Koyie Dolan Hill (pronuncia: ‘Koy’) (9 marzo 1979, Tulsa, Oklahoma) è uno dei ricevitori della squadra di baseball dei Chicago Cubs.

I Chicago Cubs non vincono le finali del baseball da novantanove anni. Condizione che è divenuta l’identità della squadra, una specie di maledizione, molto più di quanto fu da noi a suo tempo l’identità sfigata dell’Inter, e ormai senza concorrenti dopo le recenti vittorie dei Boston Red Sox, anche loro protagonisti di un lunghissimo digiuno.
Quest’anno i Cubs hanno dominato il campionato e sono tra le otto squadre arrivate ai playoffs, anche se adesso stanno rischiando*. Nelle ultime partite della stagione regolare, hanno richiamato il ricevitore Koyie Hill dopo una lunga assenza: un anno fa si era segato via quattro dita con una sega elettrica mentre faceva dei lavori di falegnameria in casa. I tifosi si sono ricordati che un secolo fa,quando  i Cubs vinsero le finali, il lanciatore era Mordecai Brown, che aveva solo tre dita.
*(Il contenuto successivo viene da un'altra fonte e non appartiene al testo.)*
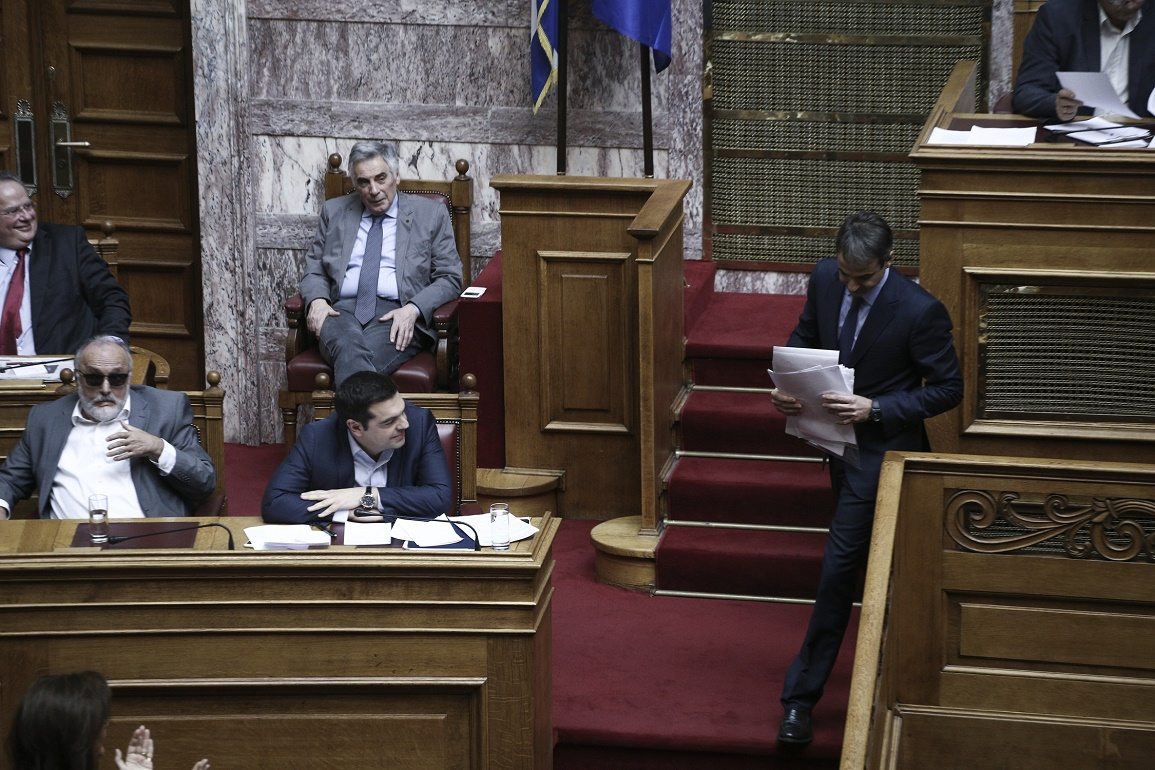 Ομόφωνα η απόφαση για Eξεταστική σχετικά με τα δάνεια κομμάτων και ΜΜΕ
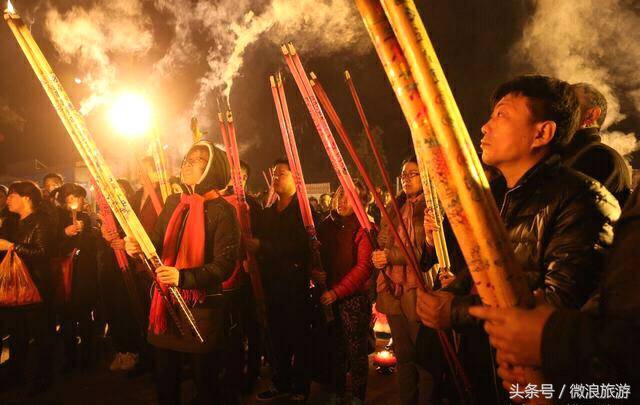 大年初一九华山祈福，香客人山人海，有人除夕夜不远千里赶来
Altre voci che ho cercato questa settimana

Hoffenheim
Tunde Adebimpe
Margherita Granbassi
Conoscenza carnale
Thabo Mbeki
Segway Polo
Segnale wow
Morte di un soldato repubblicano
Mentalismo
Camillo Berneri
Irony mark
Eddie Gilbert
Monte Rushmore
Linda Ronstadt
Sonseed

 

*poche ore prima che questo articolo arrivasse nelle edicole, i Cubs venivano eliminati dai Dodgers. Una maledizione è una maledizione.